Is Crime Up Among Pre-Teens?

By Susan Black

Last November, an 8-year-old boy confessed to murder. He told police in St. Johns, an Arizona community of 4,000 located northeast of Phoenix, that he’d shot his father and another man with a .22-caliber rifle.

In the days after the murders, police and prosecutors were still sorting evidence and checking the boy’s confession, but public verdicts about the child’s culpability, and conjecture about the child’s motive, proliferated on talk shows and in the blogosphere.

Some individuals expressed sympathy for the child, certain that he’d pulled the trigger for “good reason.” Some suspected that the boy killed to put a stop to ongoing abuse. Others took a hardened stance. One blogger wrote, “The kid is a killer who should spend the rest of his life in solitary confinement.” Many claimed that juvenile crime was increasing, especially among very young children.

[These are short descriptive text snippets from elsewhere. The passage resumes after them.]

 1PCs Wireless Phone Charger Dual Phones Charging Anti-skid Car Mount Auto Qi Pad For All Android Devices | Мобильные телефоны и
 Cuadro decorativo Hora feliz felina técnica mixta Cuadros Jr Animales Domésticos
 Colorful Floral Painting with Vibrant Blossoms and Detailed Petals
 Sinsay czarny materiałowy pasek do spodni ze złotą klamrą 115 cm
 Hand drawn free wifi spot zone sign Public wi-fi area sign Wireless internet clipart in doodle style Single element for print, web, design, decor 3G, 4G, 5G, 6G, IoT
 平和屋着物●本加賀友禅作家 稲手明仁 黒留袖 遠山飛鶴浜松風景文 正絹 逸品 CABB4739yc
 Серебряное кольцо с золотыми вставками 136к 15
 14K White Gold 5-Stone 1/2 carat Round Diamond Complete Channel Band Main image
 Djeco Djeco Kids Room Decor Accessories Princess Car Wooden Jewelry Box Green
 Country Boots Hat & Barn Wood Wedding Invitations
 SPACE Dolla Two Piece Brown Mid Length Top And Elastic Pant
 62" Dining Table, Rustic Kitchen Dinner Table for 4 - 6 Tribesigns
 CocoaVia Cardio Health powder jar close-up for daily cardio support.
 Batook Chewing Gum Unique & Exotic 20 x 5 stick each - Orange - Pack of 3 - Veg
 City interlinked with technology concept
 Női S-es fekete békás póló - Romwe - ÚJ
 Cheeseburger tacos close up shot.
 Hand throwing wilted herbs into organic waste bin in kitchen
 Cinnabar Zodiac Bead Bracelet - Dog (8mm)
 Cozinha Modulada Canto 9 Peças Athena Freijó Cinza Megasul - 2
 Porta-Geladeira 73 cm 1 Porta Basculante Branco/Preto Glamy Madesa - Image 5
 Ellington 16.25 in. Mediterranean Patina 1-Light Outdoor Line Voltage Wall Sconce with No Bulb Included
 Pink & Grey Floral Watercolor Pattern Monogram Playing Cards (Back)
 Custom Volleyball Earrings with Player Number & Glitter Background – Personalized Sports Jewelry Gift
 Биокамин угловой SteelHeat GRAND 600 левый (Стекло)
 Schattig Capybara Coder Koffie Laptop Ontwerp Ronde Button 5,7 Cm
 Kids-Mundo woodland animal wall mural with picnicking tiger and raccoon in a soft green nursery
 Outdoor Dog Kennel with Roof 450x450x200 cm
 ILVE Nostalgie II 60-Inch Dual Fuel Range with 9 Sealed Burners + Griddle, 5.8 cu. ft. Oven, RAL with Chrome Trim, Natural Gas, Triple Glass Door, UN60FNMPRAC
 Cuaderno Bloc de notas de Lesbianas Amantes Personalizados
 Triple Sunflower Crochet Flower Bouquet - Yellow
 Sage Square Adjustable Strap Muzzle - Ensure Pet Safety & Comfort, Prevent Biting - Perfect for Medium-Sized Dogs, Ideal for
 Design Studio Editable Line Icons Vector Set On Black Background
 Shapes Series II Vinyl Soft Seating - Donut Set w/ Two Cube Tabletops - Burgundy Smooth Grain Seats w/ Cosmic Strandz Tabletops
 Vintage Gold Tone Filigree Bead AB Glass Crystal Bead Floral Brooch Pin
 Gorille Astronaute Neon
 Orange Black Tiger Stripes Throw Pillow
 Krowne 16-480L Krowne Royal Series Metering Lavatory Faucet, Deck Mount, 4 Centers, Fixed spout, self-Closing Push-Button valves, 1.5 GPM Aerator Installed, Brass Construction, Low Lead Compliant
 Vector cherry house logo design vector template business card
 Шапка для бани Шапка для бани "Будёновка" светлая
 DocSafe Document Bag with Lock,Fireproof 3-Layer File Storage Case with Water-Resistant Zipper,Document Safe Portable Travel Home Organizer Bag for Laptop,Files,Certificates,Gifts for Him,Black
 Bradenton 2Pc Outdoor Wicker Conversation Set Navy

Is preteen crime increasing?

Jeffrey Butts, a researcher at the Chapin Hall Center for Children, an independent policy research center at the University of Chicago, and Howard Snyder, former chief of research at the National Center for Juvenile Justice in Pittsburgh, recently studied preteen crime. They sought answers to these questions:

• What proportion of all juvenile crime is committed by children under age 13? Has that proportion changed since 1980, the year records became available?

• How do trends in preteen arrests compare with trends in arrests for teens under age 18?

• How does the profile of preteen crime compare with the profile of crimes committed by older juveniles?

Contrary to widespread public perception, the proportion of juvenile crimes committed by offenders younger than 13 has remained relatively “small and stable,” Butts and Snyder discovered. In 1980, preteens represented 7 percent of all juvenile arrests; in 2006, they represented 6 percent. Since 1980, preteen arrests in most offense categories have declined.